How can I identify a strange character?
Your file contains two bytes, EB and 0A in hex. It’s likely that the file is using a character set with one byte per character, such as ISO-8859-1; in that character set, EB is ë:
$ printf "\353\n" | iconv -f ISO-8859-1
ë
Other candidates would be δ in code page 437, Ù in code page 850...
od -x
’s output is confusing in this case because of endianness; a better option is -t x1
which uses single bytes:
$ printf "\353\n" | od -t x1
0000000 eb 0a
0000002
od -x
maps to od -t x2
which reads two bytes at a time, and on little-endian systems outputs the bytes in reverse order.
When you come across a file like this, which isn’t valid UTF-8 (or makes no sense when interpreted as a UTF-8 file), there’s no fool-proof way to automatically determine its encoding (and character set).

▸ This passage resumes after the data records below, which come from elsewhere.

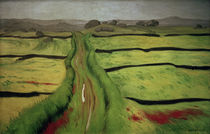 F.Vallotton, Path in a meadow by klassik art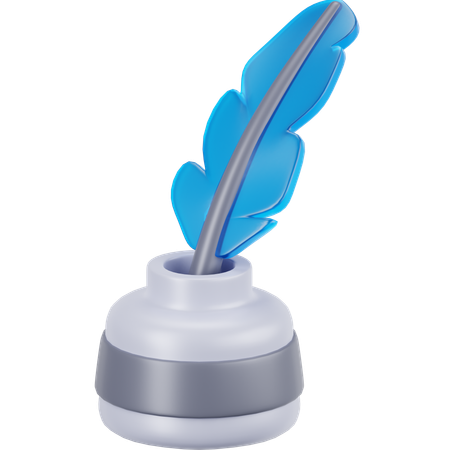 Encrier  3D Icon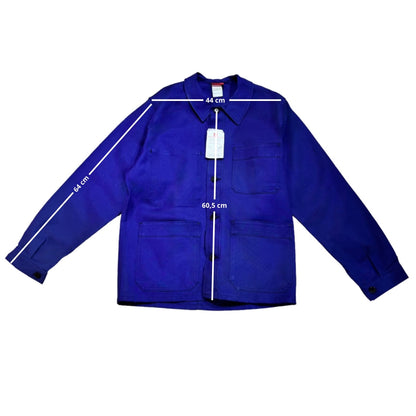 Veste bleue marine à motif vichy rose foncé et citrons 3D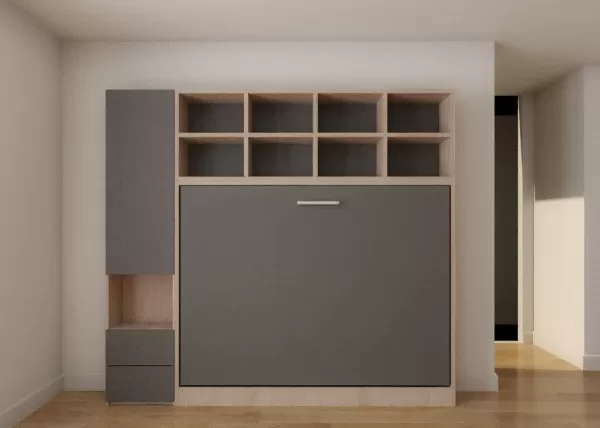 Royal Queen Wall Bed 67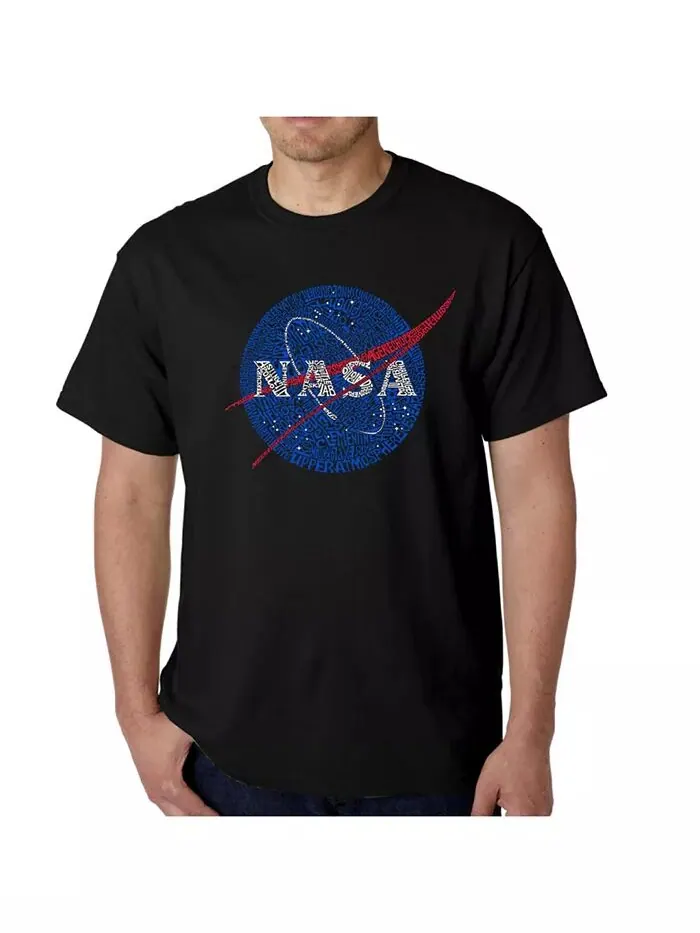 Футболка мужская Word Art - логотип Nasa Meatball LA Pop Art — изображение 1 из 3, черный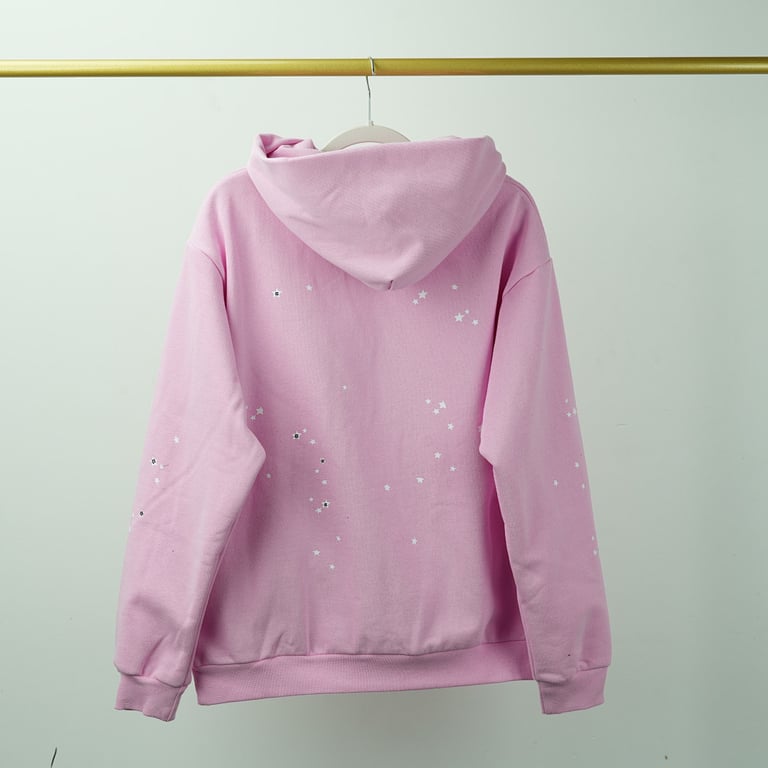 Sp5der Atlanta Hoodie Pink - 54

Context can help: if it’s a file produced on a Western PC in the last couple of decades, there’s a fair chance it’s encoded in ISO-8859-1, -15 (the Euro variant), or Windows-1252; if it’s older than that, CP-437 and CP-850 are likely candidates. Files from Eastern European systems, or Russian systems, or Asian systems, would use different character sets that I don’t know much about. Then there’s EBCDIC... iconv -l
will list all the character sets that iconv
knows about, and you can proceed by trial and error from there.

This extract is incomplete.